Downing Street has told Dublin it has problems with the backstop, but that Ms May’s proposals on a customs partnership would lessen the importance of the arrangement.

Government sources agree that the potency of the backstop would be decreased and that it would become “less important” for Ms May if she put forward a customs proposal. It would make it “less offensive” to the DUP, which supports Ms May’s government.

“For her, it makes the prospect of it [the backstop] ever being invoked lower,” one well-placed source said.

‘Direction of travel’

While further work would be needed on any customs proposal – even if Ms May gets it through her cabinet – it would “point to a direction of travel” from the UK government of where it wants to go, say sources.
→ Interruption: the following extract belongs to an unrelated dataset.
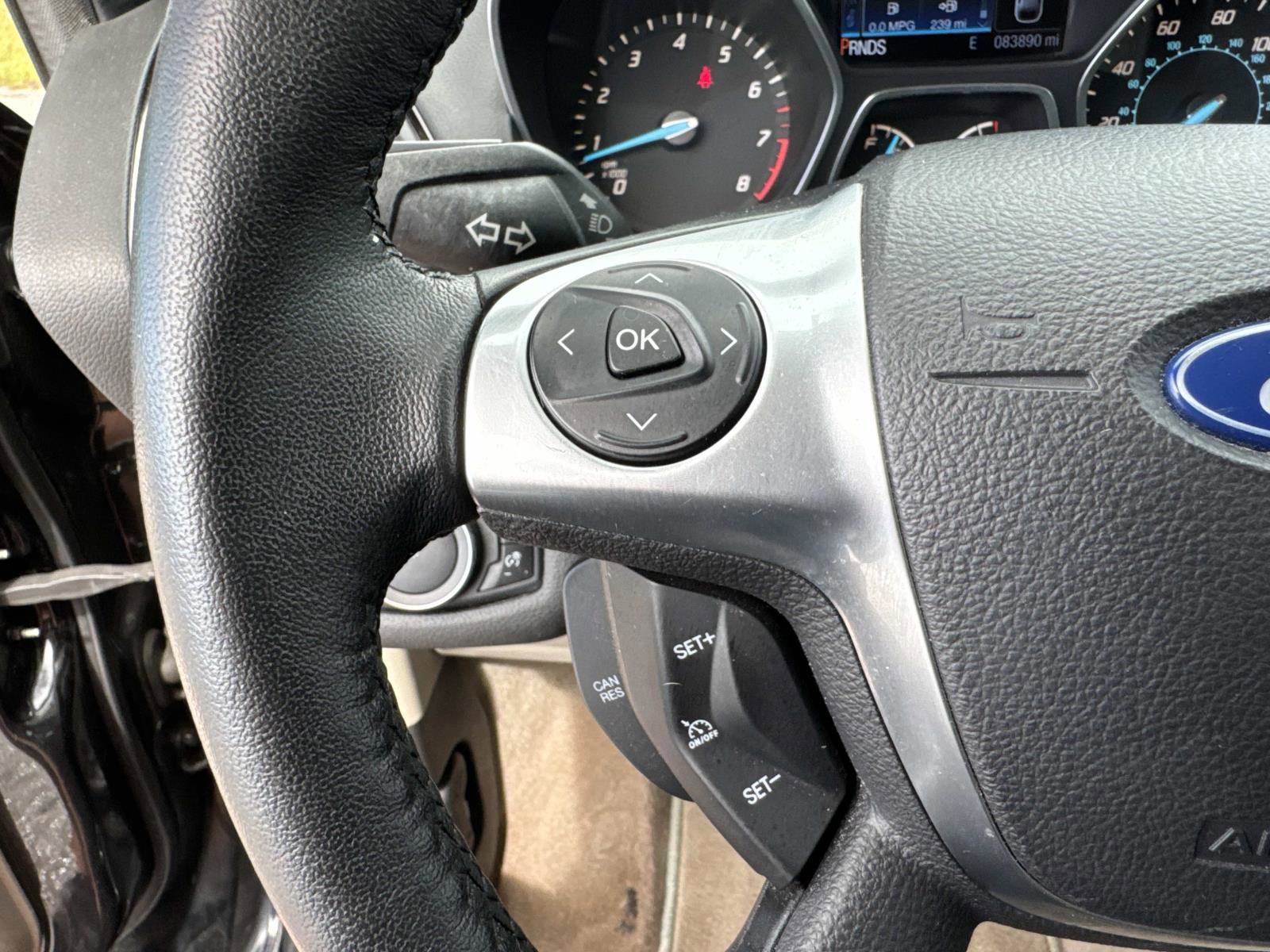 Used 2014 Ford Escape Titanium w/ Equipment Group 401A AWD/4WD image 35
It would not be “a solution in itself”.

The proposal would see British officials collect tariffs on behalf of the EU for any goods coming to the UK that were subsequently destined for an EU member state.

The EU has already rejected this model, and a willingness to look afresh – even if it only “provides the basis” for future talks, according to one source – will be seen as a softening of the Irish and EU position.

Earlier this week, Taoiseach Leo Varadkar said of Ms May’s customs proposal: “The view of the EU is that it isn’t workable in its current form but it is something that perhaps we could make workable.”

The backstop – which would ensure no divergence in customs and trade rules between the Republic and Northern Ireland without agreed solutions on how to avoid a hard border – was agreed in principle in December, although the UK has rejected the EU’s legal interpretation of it.

However, in tandem with the customs proposal, the British government must “at a minimum” table its own interpretation of the backstop in the weeks before the June summit.

It was further argued that the tabling of a customs proposal would make it easier for the backstop to “go green” – be agreed – and this would “leave space for the legal experts” to iron out the details over the summer.

In effect, the mooted move would mean the EU taking Ms May’s proposal seriously in order to help her agree to the backstop.

Senior Government figures believe the DUP’s priority is now that the North should be treated no differently to the rest of Britain, even if this means staying in a UK-wide customs partnership which would replicate many of the features of the customs union.

DUP leader Arlene Foster has said Northern Ireland must move in “lockstep” with the rest of the UK.

Although Ms May has said she could not accept the EU’s interpretation of the backstop, the Government is adamant the fallback option must be included in any Brexit deal. “We still need the backstop,” said a senior Government source.